** Task goal **
Repeat each of these records exactly.

################

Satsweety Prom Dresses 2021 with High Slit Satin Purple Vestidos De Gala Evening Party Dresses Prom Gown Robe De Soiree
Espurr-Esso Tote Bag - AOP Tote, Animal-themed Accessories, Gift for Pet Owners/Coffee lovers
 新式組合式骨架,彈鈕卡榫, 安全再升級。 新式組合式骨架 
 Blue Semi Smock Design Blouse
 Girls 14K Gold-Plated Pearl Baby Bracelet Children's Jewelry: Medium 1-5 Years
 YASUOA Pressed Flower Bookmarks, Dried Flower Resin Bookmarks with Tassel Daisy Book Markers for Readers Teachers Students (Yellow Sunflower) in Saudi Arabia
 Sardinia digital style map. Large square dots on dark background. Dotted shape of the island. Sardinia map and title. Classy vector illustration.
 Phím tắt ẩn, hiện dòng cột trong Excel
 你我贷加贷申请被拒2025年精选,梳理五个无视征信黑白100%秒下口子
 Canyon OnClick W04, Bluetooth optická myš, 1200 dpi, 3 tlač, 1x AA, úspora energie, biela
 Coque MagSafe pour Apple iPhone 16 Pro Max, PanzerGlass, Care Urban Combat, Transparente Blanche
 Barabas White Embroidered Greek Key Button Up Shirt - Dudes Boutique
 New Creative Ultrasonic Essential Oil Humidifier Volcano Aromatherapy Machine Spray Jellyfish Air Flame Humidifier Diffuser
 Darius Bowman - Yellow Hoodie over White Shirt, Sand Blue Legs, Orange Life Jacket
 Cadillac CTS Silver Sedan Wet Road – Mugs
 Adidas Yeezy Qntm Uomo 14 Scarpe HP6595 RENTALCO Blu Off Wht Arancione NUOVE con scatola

################

** Your response **
Satsweety Prom Dresses 2021 with High Slit Satin Purple Vestidos De Gala Evening Party Dresses Prom Gown Robe De Soiree
Espurr-Esso Tote Bag - AOP Tote, Animal-themed Accessories, Gift for Pet Owners/Coffee lovers
 新式組合式骨架,彈鈕卡榫, 安全再升級。 新式組合式骨架 
 Blue Semi Smock Design Blouse
 Girls 14K Gold-Plated Pearl Baby Bracelet Children's Jewelry: Medium 1-5 Years
 YASUOA Pressed Flower Bookmarks, Dried Flower Resin Bookmarks with Tassel Daisy Book Markers for Readers Teachers Students (Yellow Sunflower) in Saudi Arabia
 Sardinia digital style map. Large square dots on dark background. Dotted shape of the island. Sardinia map and title. Classy vector illustration.
 Phím tắt ẩn, hiện dòng cột trong Excel
 你我贷加贷申请被拒2025年精选,梳理五个无视征信黑白100%秒下口子
 Canyon OnClick W04, Bluetooth optická myš, 1200 dpi, 3 tlač, 1x AA, úspora energie, biela
 Coque MagSafe pour Apple iPhone 16 Pro Max, PanzerGlass, Care Urban Combat, Transparente Blanche
 Barabas White Embroidered Greek Key Button Up Shirt - Dudes Boutique
 New Creative Ultrasonic Essential Oil Humidifier Volcano Aromatherapy Machine Spray Jellyfish Air Flame Humidifier Diffuser
 Darius Bowman - Yellow Hoodie over White Shirt, Sand Blue Legs, Orange Life Jacket
 Cadillac CTS Silver Sedan Wet Road – Mugs
 Adidas Yeezy Qntm Uomo 14 Scarpe HP6595 RENTALCO Blu Off Wht Arancione NUOVE con scatola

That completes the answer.